Fausty’s breakthrough came after meeting Larry Harlow at a friend’s jam session. Harlow later invited him to audition at Good Vibrations Sound Studios, owned by Fania Records. Out of approximately 40 candidates, Fausty was hired. At Good Vibrations, he introduced state-of-the-art technology, including a retractable ceiling designed to isolate percussion sections, thus significantly improving the recording quality.
Over the years, Fausty worked with a multitude of Latin music legends, such as Willie Colon, Hector Lavoe, Ray Barreto, Johnny Pacheco, Sonora Poncena, Roberto Roena, Cheo Feliciano, and many more. He was credited with thousands of recordings, 18 of which won Grammy Awards.

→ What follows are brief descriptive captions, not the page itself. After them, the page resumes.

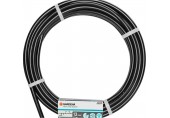 GARDENA Micro-Drip-System Verlegerohr 13 mm (1/2") 15 MeterRolle, 1346-20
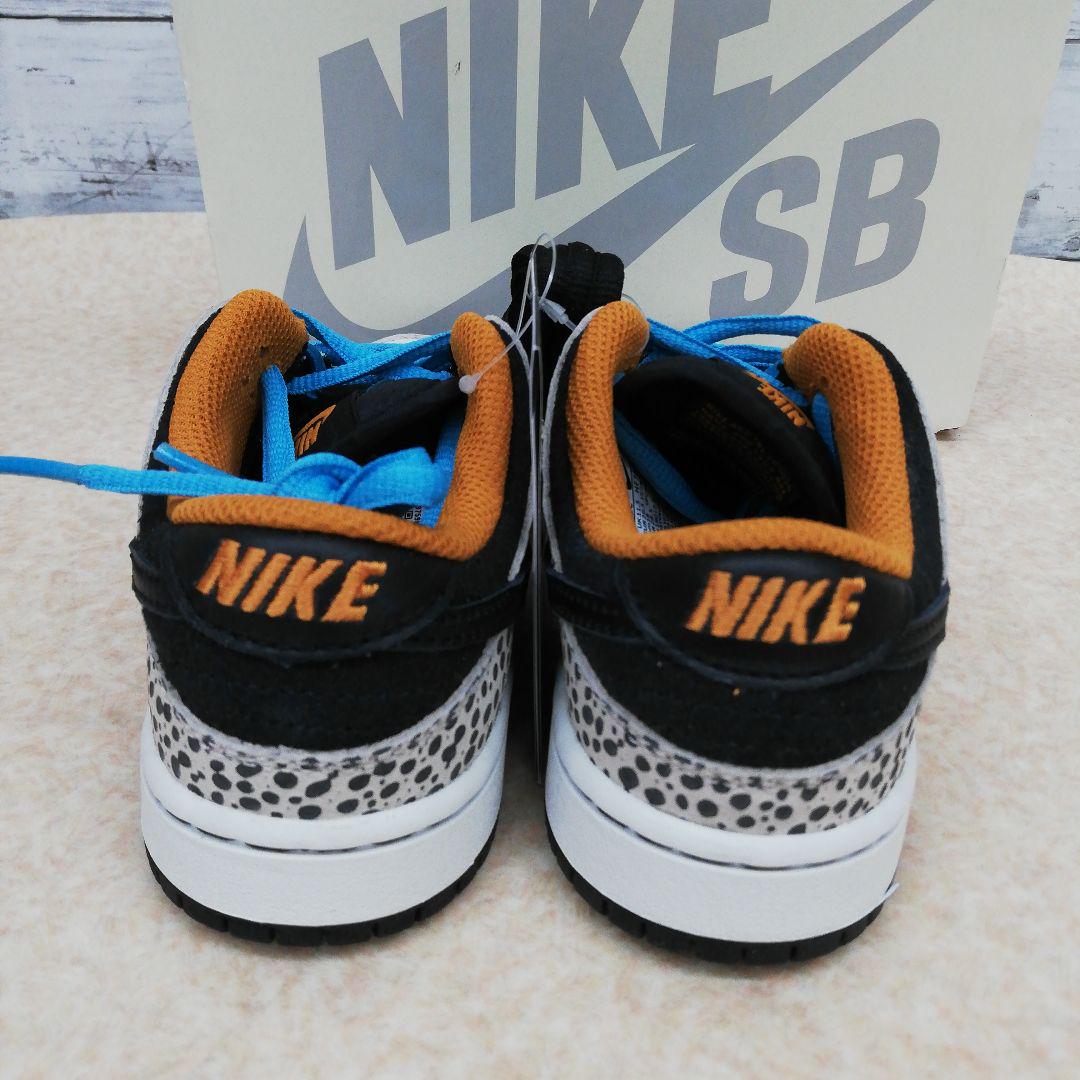 BVJ023 NIKEナイキ SBダンク LOW PRO OLY PS スケート
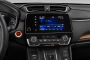 2020 Honda CR-V EX AWD Audio System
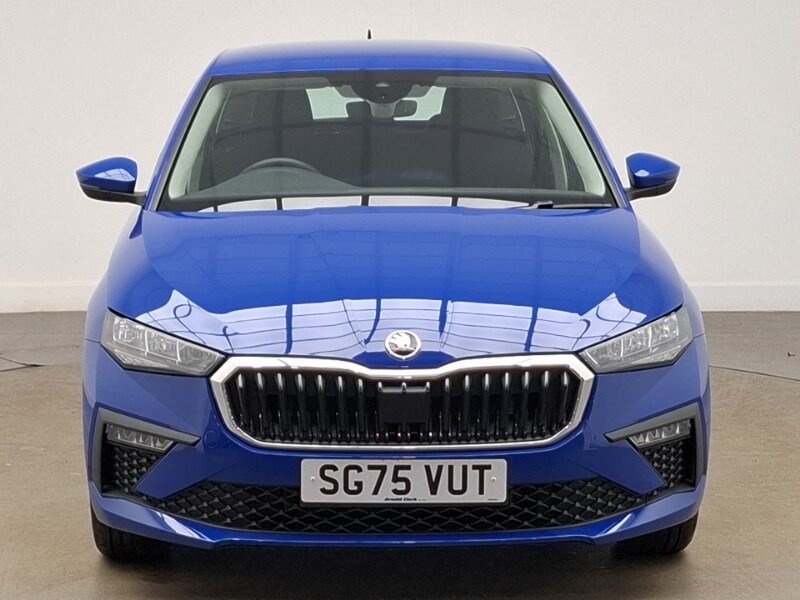 Used Skoda Scala 2025 for sale - 78054614: Photo 12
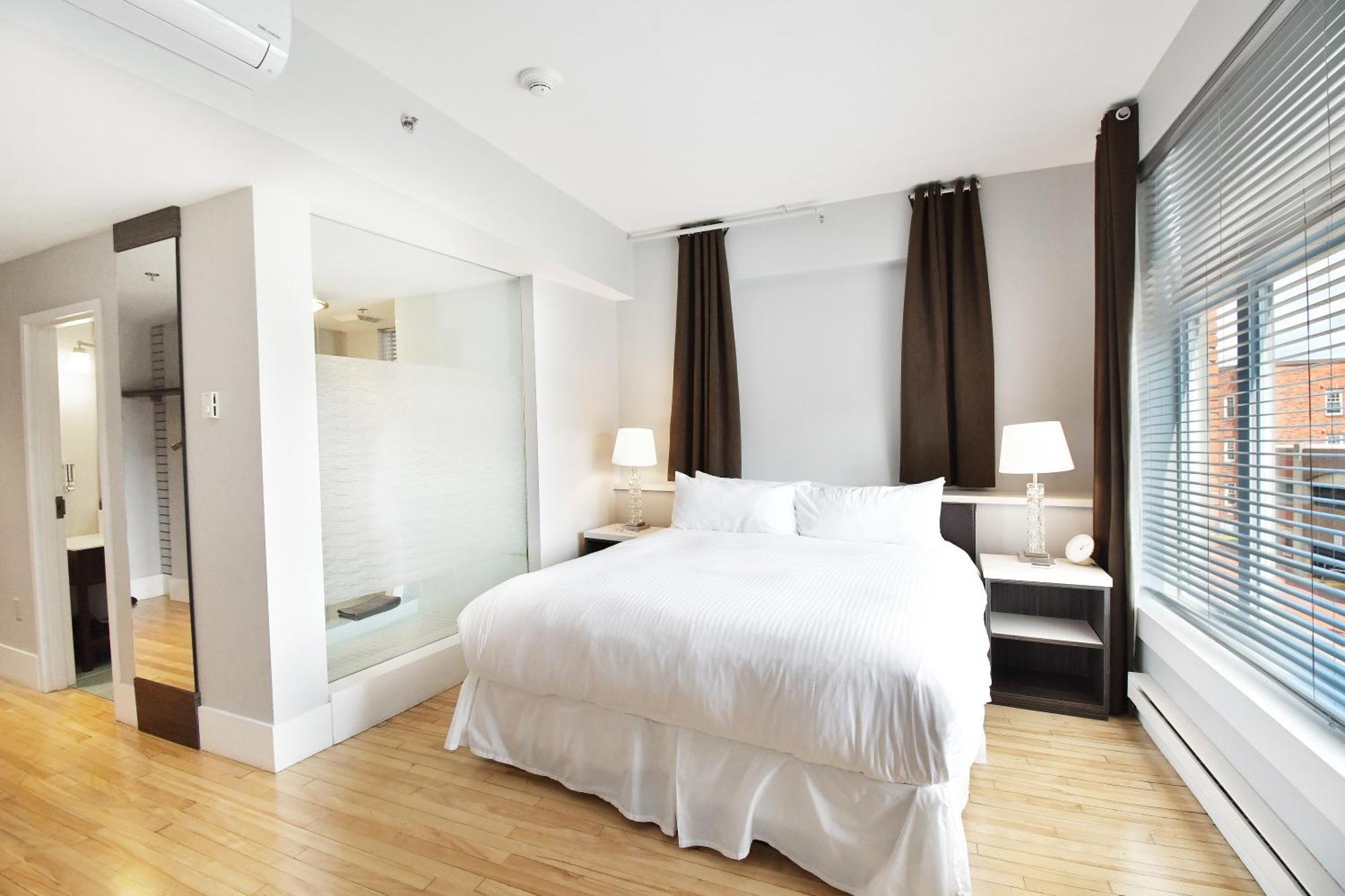 St James Gate By Bower Boutique Hotels Moncton Pokój zdjęcie
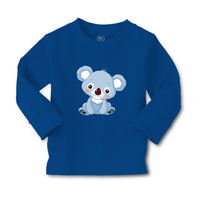 Baby Clothes Baby Koala Funny Humor Boy & Girl Clothes Cotton - Cute Rascals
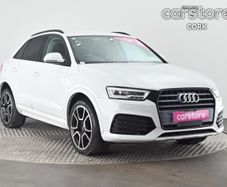 Audi Q3 2017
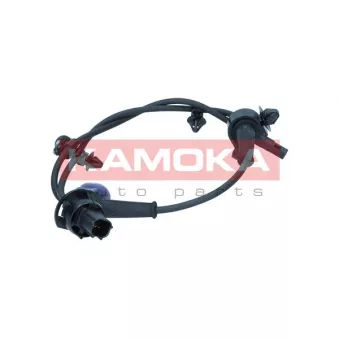 Capteur, vitesse de roue avant gauche KAMOKA OEM 57455SMGE01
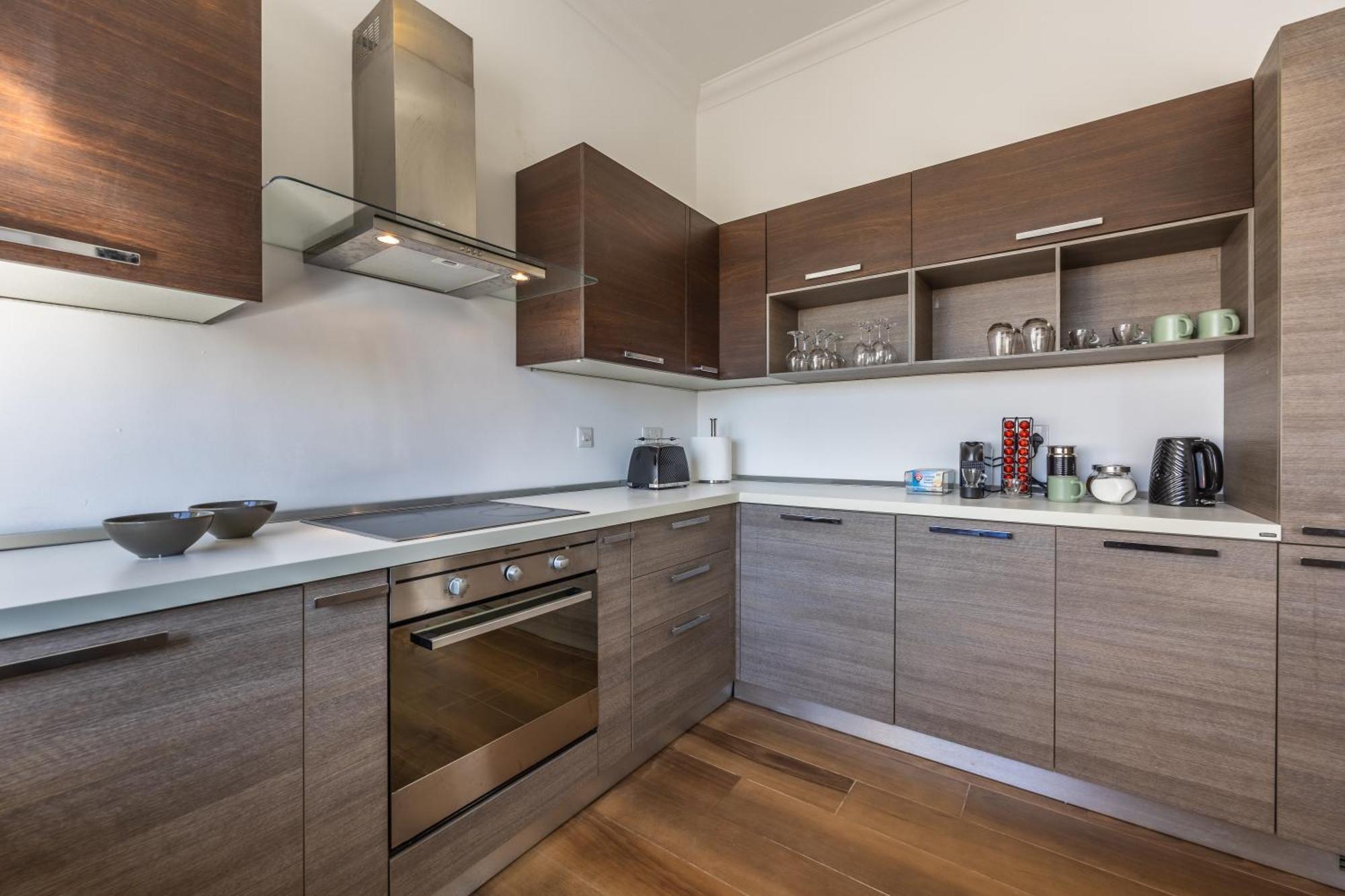 Апартаменти Stunning - Seaview Penthouse 3-Bed + Parking Сліма Екстер'єр фото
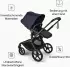 Bugaboo Fox 5 Renew deep indigo/black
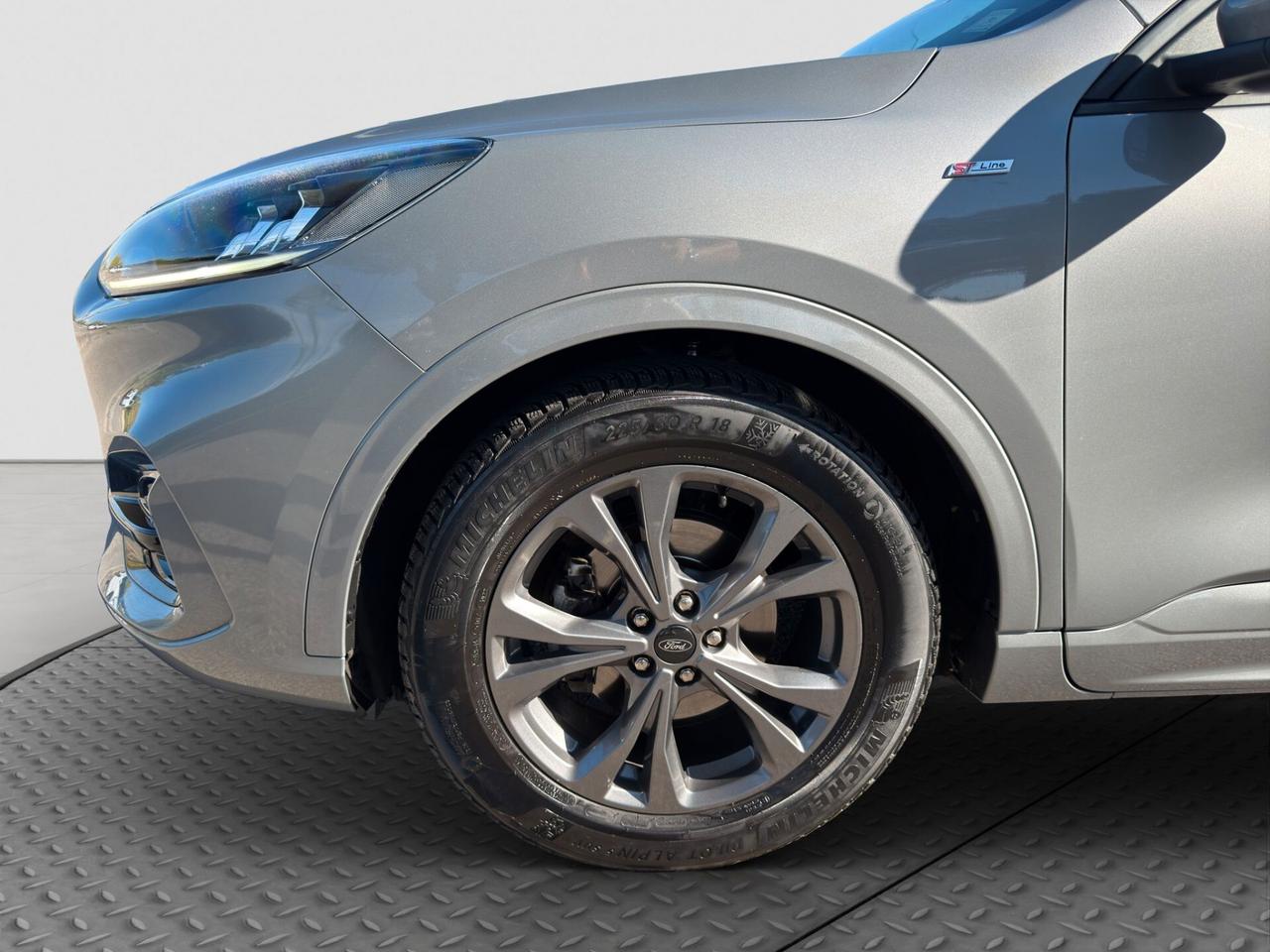Ford Kuga 1.5 EcoBlue 120 CV aut. 2WD ST-Line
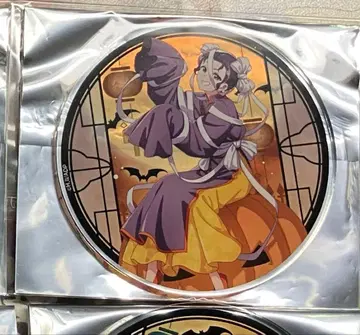 약사의 혼잣말 아크릴 코스터 그라테 시스이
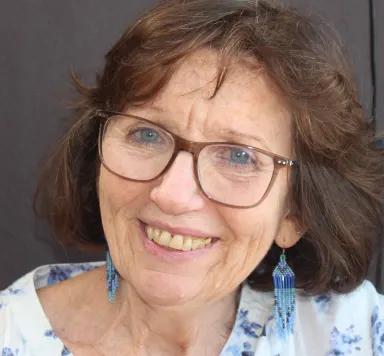 Rosemary Martin
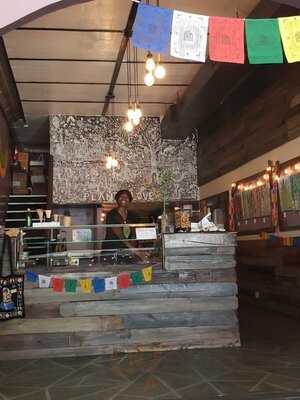 Plant+love Ice Cream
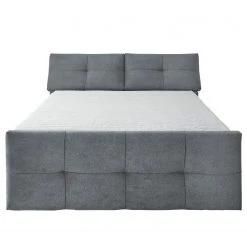 Loftscape Polsterbett Tusson - Anthrazit 23 Loftscape Polsterbett Tusson - Anthrazit -Deutschland Betten Verkäufe 2022 1000235418 201222 15435100043 DETAILS P000000001000235418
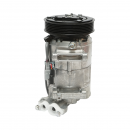 Compresor clima AC Nissan Qashqai II, Renault Grand Scenic III, Megane, Megane III, Scenic 1.5D cod OEM 926008209R, 6SBL14C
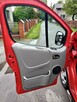 Opel Vivaro 2.0 CDTI 114km Oryginalny przebieg / Klima / 2x drzwi przesuwne - 13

His collaborations included Grammy-winning projects with Chucho Valdez, Celia Cruz, Ruben Blades, and Marc Anthony.
Jon Fausty was known for his minimalist approach to recording. He emphasized capturing performances simply, cleanly, and quickly, using high-quality equipment. As a result, many salsa records from the 1970s through the early 1980s have a timeless, classic sound.
Fausty’s discography is extensive, including work on albums from the early 1960s to the 2000s. Some of his notable works include:
- 1972: “Desde Puerto Rico a Nueva York” by La Sonora Ponceña
- 1978: “Siembra” by Rubén Blades / Willie Colón
- 1988: “Antecedente” by Rubén Blades
- 2000: “Masterpiece/Obra Maestra” by Eddie Palmieri / Tito Puente
- 2004: “Valio la Pena” by Marc Anthony
Jon Fausty’s career serves as a testament to his extraordinary talent and dedication to the Latin music industry. His work has not only shaped the sound of generations but also set a standard for quality and innovation in sound engineering.